Par exemple, «un petit compte de fonds communs de 10 000 $ procure peu de commissions au conseiller, environ 238 $, illustre Jan Dymond, de l’IFIC. Si l’investisseur devait passer à un mode de rémunération à honoraires, cela lui coûterait sûrement davantage que 238 $. Pour les petits investisseurs ou les partisans de cette option, la rémunération à commissions (frais intégrés) est non seulement appropriée, mais avantageuse.»
Concurrence accrue
FAIR Canada croit tout le contraire et est convaincu que le mode du paiement direct «stimulera la concurrence et fera baisser les coûts», soutient Marian Passmore.

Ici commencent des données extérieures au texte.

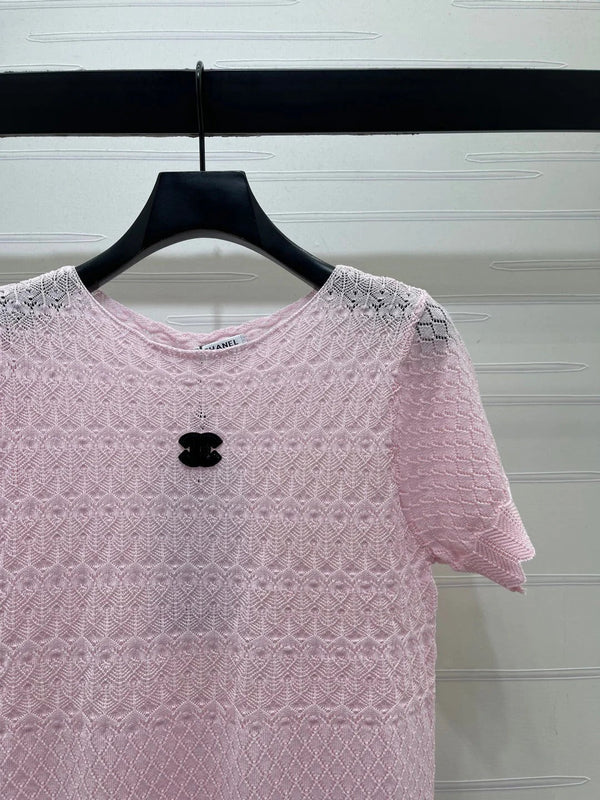 CC 2026 Double C Logo Knit Short-sleeved Shirt 380703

«Lorsque les gens paient directement leur conseiller et sa-vent combien coûtent les conseils qu’ils obtiennent, ils sont plus portés à négocier, ajoute-t-elle. C’est plus transparent et cela éliminera les conflits potentiels.» Tout le monde en bénéficiera, y compris «les petits investisseurs qui, selon elle, ne sont pas nécessairement bien servis à l’heure actuelle.»
De plus, Marian Passmore n’est pas d’avis que le modèle à honoraires ait entraîné «une hausse des coûts aux États-Unis». Elle s’appuie notamment sur des déclarations récentes d’Atul Tiwari, directeur général de Placements Vanguard Canada, manufacturier de fonds négociés en Bourse.
«Le modèle à honoraires américain a favorisé la création de produits plus abordables destinés à cette clientèle. Par exemple, 83 % des fonds communs vendus à honoraires aux États-Unis ne comportent aucuns frais ou commissions de suivi», a affirmé Atul Tiwari lors d’une table ronde sur les frais des fonds communs tenue par la Commission des valeurs mobilières de l’Ontario (CVMO), le 7 juin dernier.
Une chose est sûre, le débat sur la rétribution des conseillers n’est pas prêt de se conclure dans l’industrie des fonds communs. Les Autorités canadiennes en valeurs mobilières (ACVM) ont décortiqué pas moins de 99 documents de commentaires qu’elles ont reçus sur la question. Un premier rapport d’étape doit être rendu public d’ici la fin de l’année, a indiqué par courriel le directeur des relations médias de l’Autorité des marchés financiers (AMF), Sylvain Théberge.
1. «La perception des investisseurs canadiens quant aux fonds communs de placement et à l’industrie des fonds communs 2013», recherche effectuée par Pollara pour l’Institut des fonds d’investissement du Canada, Toronto, septembre 2013, 46 p. [http://tinyurl.com/o6m5tld]
2. «Les tendances relatives au coût de détention et aux ratios de frais des fonds communs de placement. Un aperçu de la situation au Canada et aux États-Unis», étude préparée par Investor Economics et Strategic Insight pour l’IFIC, Toronto, novembre 2012, 23 p.